- Exercise details
From the line that holds "2011 LEXUS IS" down to the last line of the listing below, transcribe exactly and only those lines. Leave pictures out.

##### Input data

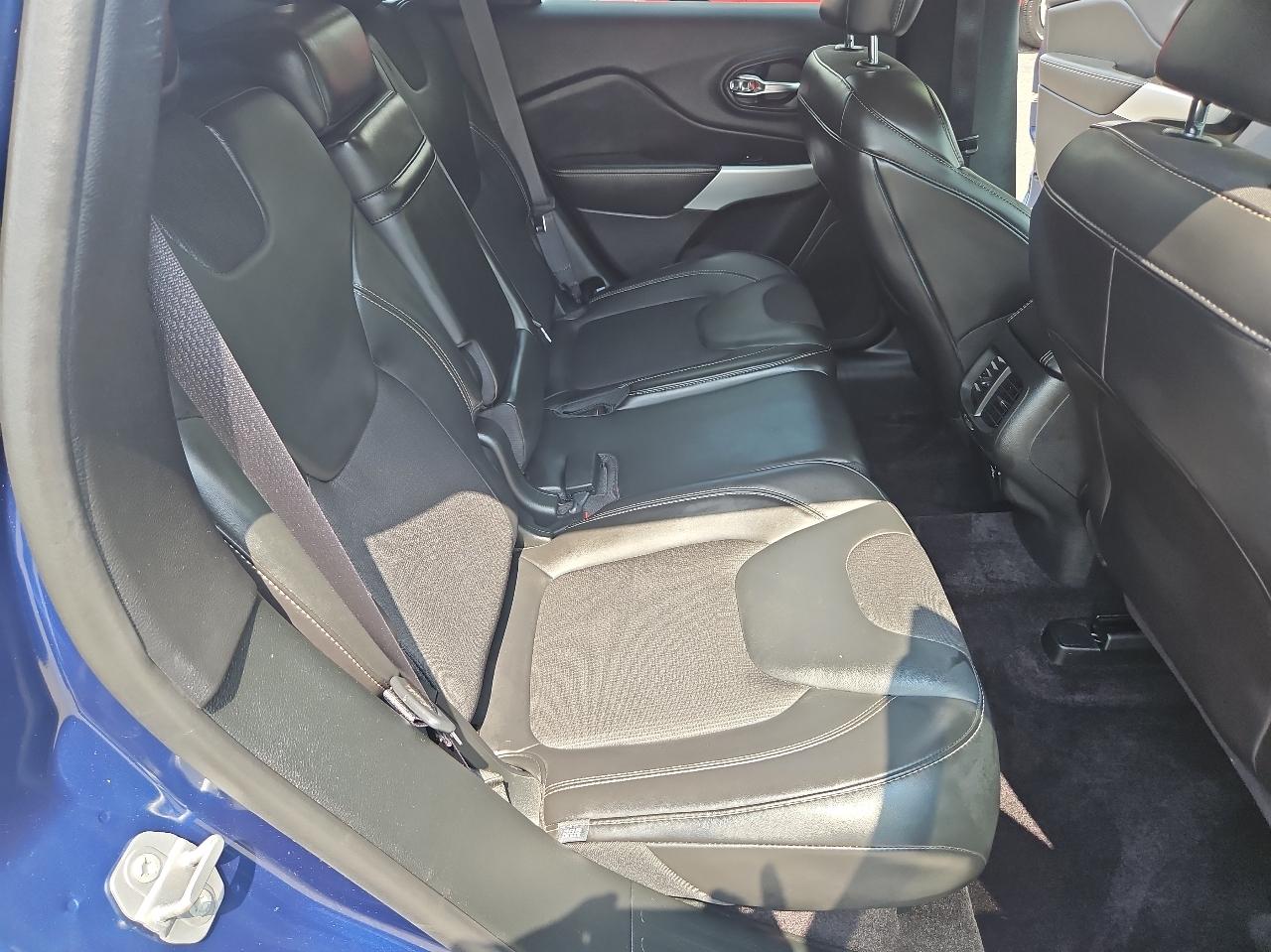 Jeep Cherokee Latitude Plus 4x4 2018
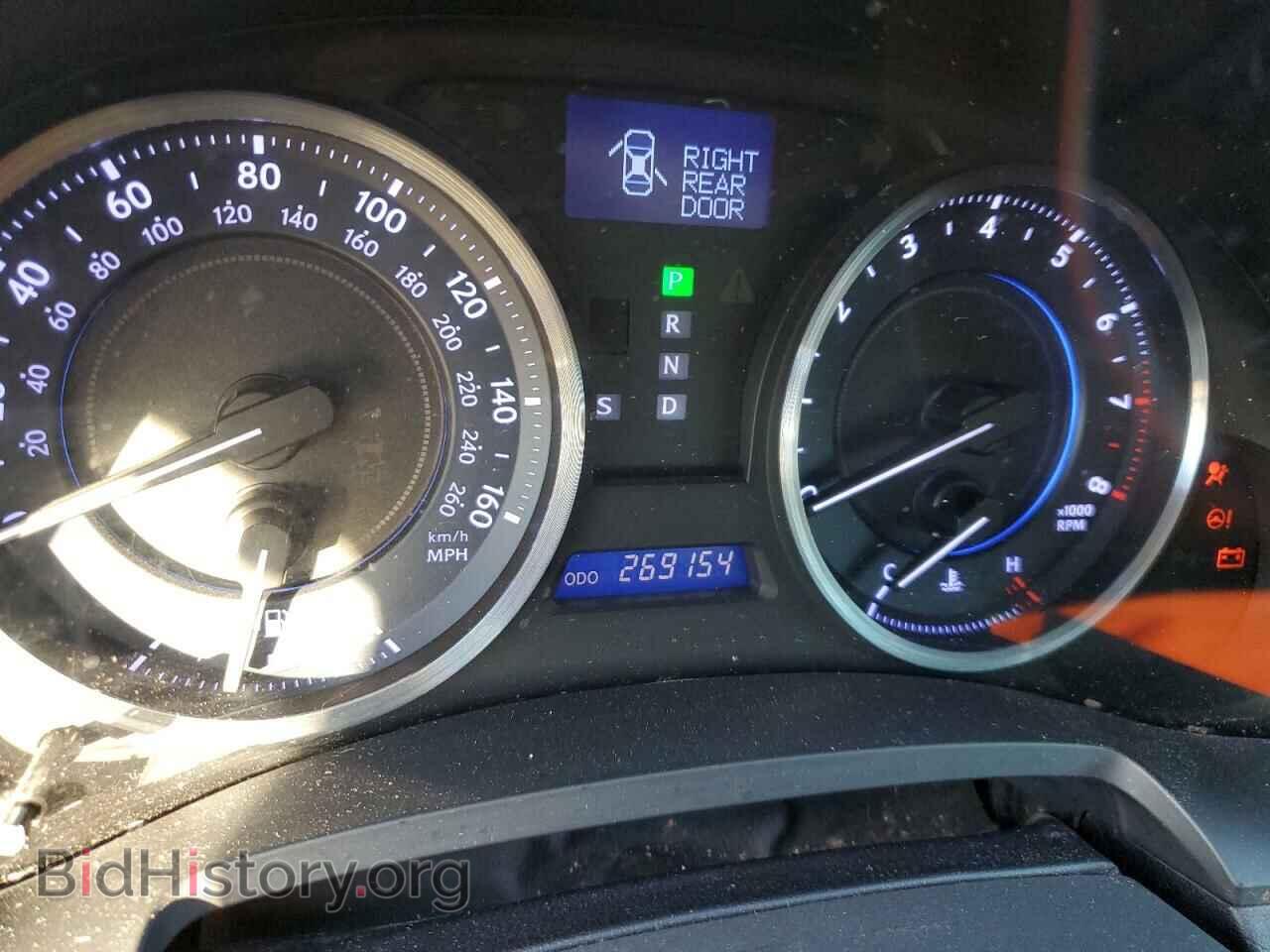 2011 LEXUS IS - VIN: JTHBF5C26B5148952 - Фото 9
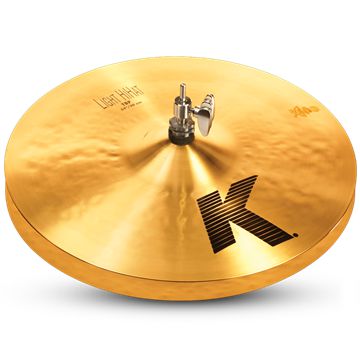 Prato Zildjian K Light Chimbal 15''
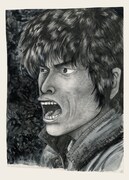 土田世紀の全原画展、編集王や俺節など1万8000枚を展示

##########

- Response to this task
 2011 LEXUS IS - VIN: JTHBF5C26B5148952 - Фото 9
 Prato Zildjian K Light Chimbal 15''
 土田世紀の全原画展、編集王や俺節など1万8000枚を展示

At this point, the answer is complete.